◆ **EXERCISE DESCRIPTION**:
Repeat every record word for word and omit the images.

◆ **MATERIAL FOR THIS EXERCISE**:
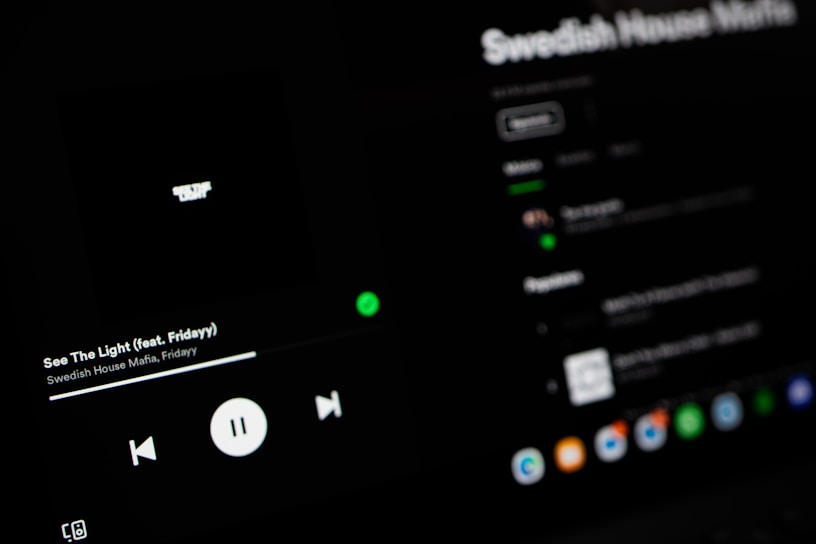 A dark-themed Spotify interface displaying the song 'See The Light' by Swedish House Mafia featuring Fridayy. The play controls are visible with options to play, pause, and skip tracks. The track list and album details are slightly blurred in the background.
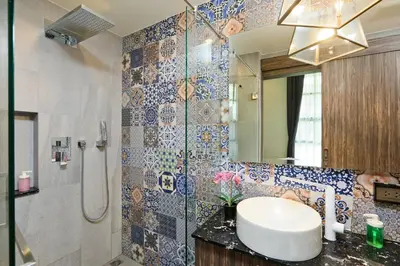 a bathroom with a sink and a shower with a mirror at The Sea View room in Palmyrah Surin by Holy Cow in Surin Beach
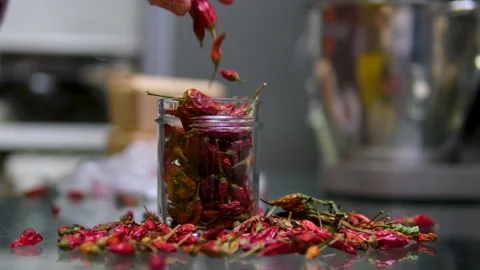 Grind in an automatic blender grind red chili pepper woman hand's added Stock Footage 301289196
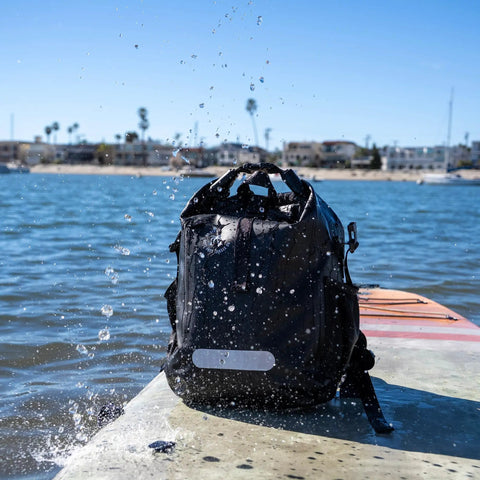 25L Waterproof Surf Backpack For Adventure With Roll Top Closure Keeps Gear Dry In Any Weather on a wet dock by the beach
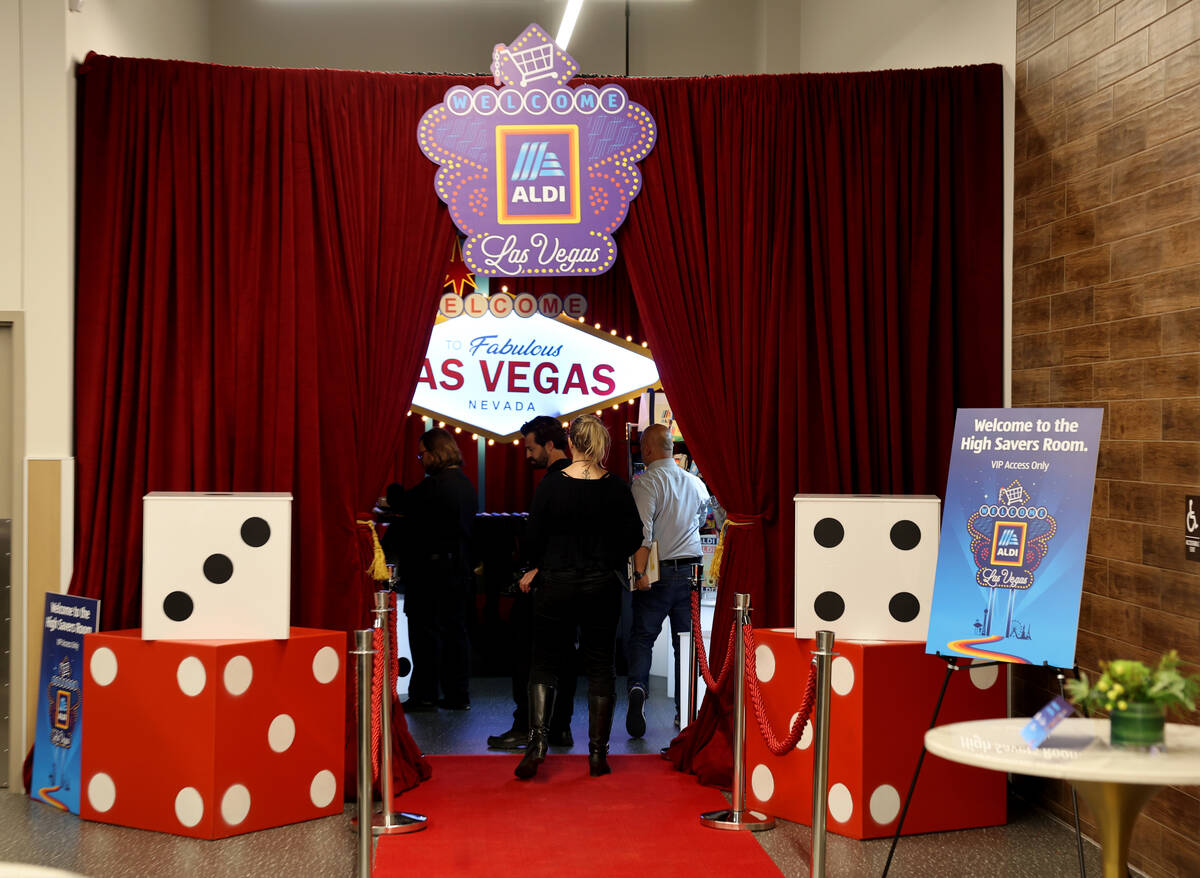 Members of the media check out the High Savers Room for lucky shoppers during a media preview o ...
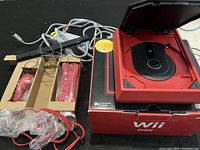 Top view of red Nintendo Wii Mini console opened showing disc tray, controllers in original packaging, and cables next to the original Wii Mini box.
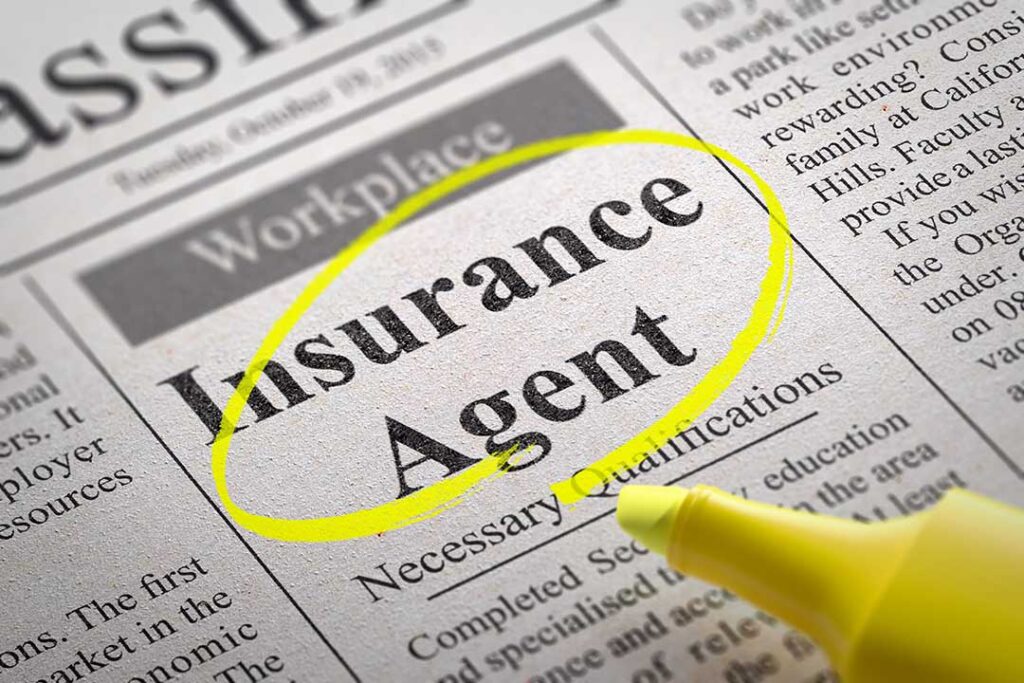 A middle-aged person sits at a kitchen table sorting through insurance papers and taking photos of home damage with a smartphone.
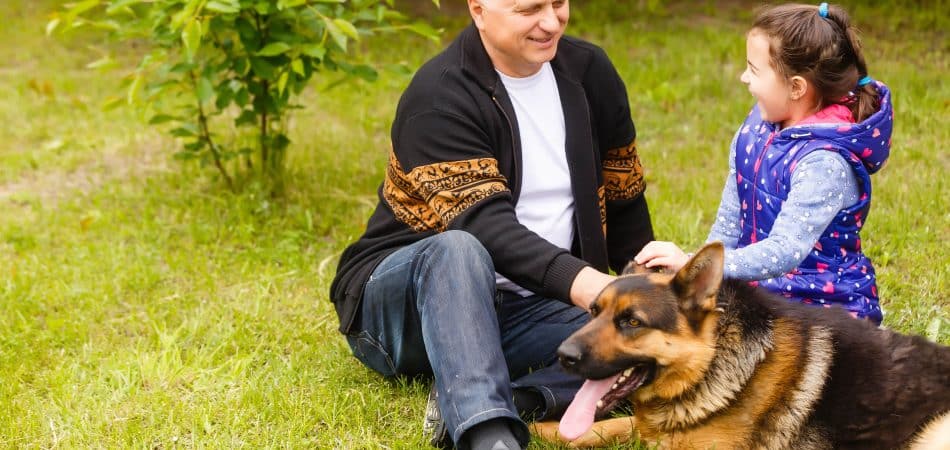 grandfather-and-granddaughter-relaxing-with-dog-2025-01-10-05-19-43-utc-min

◆ **RESPONSE TO THIS TASK**:
 A dark-themed Spotify interface displaying the song 'See The Light' by Swedish House Mafia featuring Fridayy. The play controls are visible with options to play, pause, and skip tracks. The track list and album details are slightly blurred in the background.
 a bathroom with a sink and a shower with a mirror at The Sea View room in Palmyrah Surin by Holy Cow in Surin Beach
 Grind in an automatic blender grind red chili pepper woman hand's added Stock Footage 301289196
 25L Waterproof Surf Backpack For Adventure With Roll Top Closure Keeps Gear Dry In Any Weather on a wet dock by the beach
 Members of the media check out the High Savers Room for lucky shoppers during a media preview o ...
 Top view of red Nintendo Wii Mini console opened showing disc tray, controllers in original packaging, and cables next to the original Wii Mini box.
 A middle-aged person sits at a kitchen table sorting through insurance papers and taking photos of home damage with a smartphone.
 grandfather-and-granddaughter-relaxing-with-dog-2025-01-10-05-19-43-utc-min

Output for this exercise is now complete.